Base and core courses provide a foundation for competency in the field of astronomy. Students are required to have completed all seven base and core courses before admission to PhD Candidacy. Here we provide a short description of each of those courses.
AST 643: Astrophysics of Stars and Stellar Populations. This course includes topics of gravitational equilibrium configurations, equations of state, radiative and heat transfer, stellar energy sources, stellar modeling and evolution, the connection between theory and observations, simple stellar populations, composite stellar populations, and unresolved stellar populations.
AST 644: Radiative Processes in Astrophysics. This course covers topics of continuous emission mechanisms (synchrotron radiation, inverse compton, and free-free emission), dust emission, photo- ionization and recombination of atomic lines, line broadening. Applications to Astrophysics, such as definitions of star formation rates, are discussed.
AST 645: Astrophysics of Stars and Galaxies. This course covers topics of dynamic and gravitational principles applied to astrophysics. Potential theory, orbital mechanics, virial theorem, Jeans' equations, equilibrium and stability of self-gravitating systems, kinetic theory. Applications to galactic structure and evolution, mergers, dark matter, evolution of star clusters and galactic nuclei and solar system dynamics.
AST 717: Astrophysics of Fluids and Spacetime – description TBD
AST 732: Computational Methods in Astrophysics. This course covers basic numerical methods: linear algebra, interpolation and extrapolation, integration, root finding, extremization and differential equations. Introduction to Monte Carlo techniques used to stimulate processes that occur in nature and methods to simulate experiments that measure these processes including random number generators, sampling techniques, and multidimensional simulation.
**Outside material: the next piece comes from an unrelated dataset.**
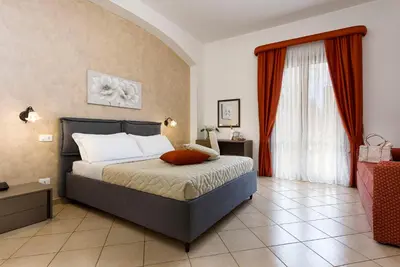 a bedroom with a bed and a window with red curtains at Hotel La Darsena in San Vito lo Capo
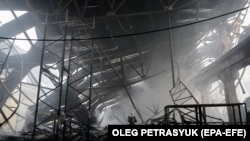 Українські рятувальники працюють на місці ракетного обстрілу складу в Києві, 29 грудня 2023 року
Methods for extracting information from experiments such as experimental measurements and uncertainties, confidence intervals, parameter estimation, likelihood methods, least squares method, hypothesis tests, and goodness of fit tests. Chaotic dynamics and other special topics as time permits.
AST 741: The Interstellar Medium. This course describes the gas and dust components of the interstellar medium in ionized regions, atomic clouds, and molecular clouds. Shows how data from optical, infrared, and radio wavelengths can be utilized to determine density, temperature, composition, and dynamics of the various phases of the ISM. Comparison of these results with theoretical models. Includes an overview of the processes that affect the evolution of the ISM including the incorporation of gas and dust into stars, the effect of HII regions and young stellar objects, and the return of matter from evolved stars and supernovae.
AST 748: Cosmology and General Relativity. The course covers observational cosmology and cosmological principles. Background radiation and Olbers' paradox. Newtonian cosmology. General relativity, gravitational waves, relativistic cosmology, and gravitational collapse. Theories of the universe and origin of celestial structure.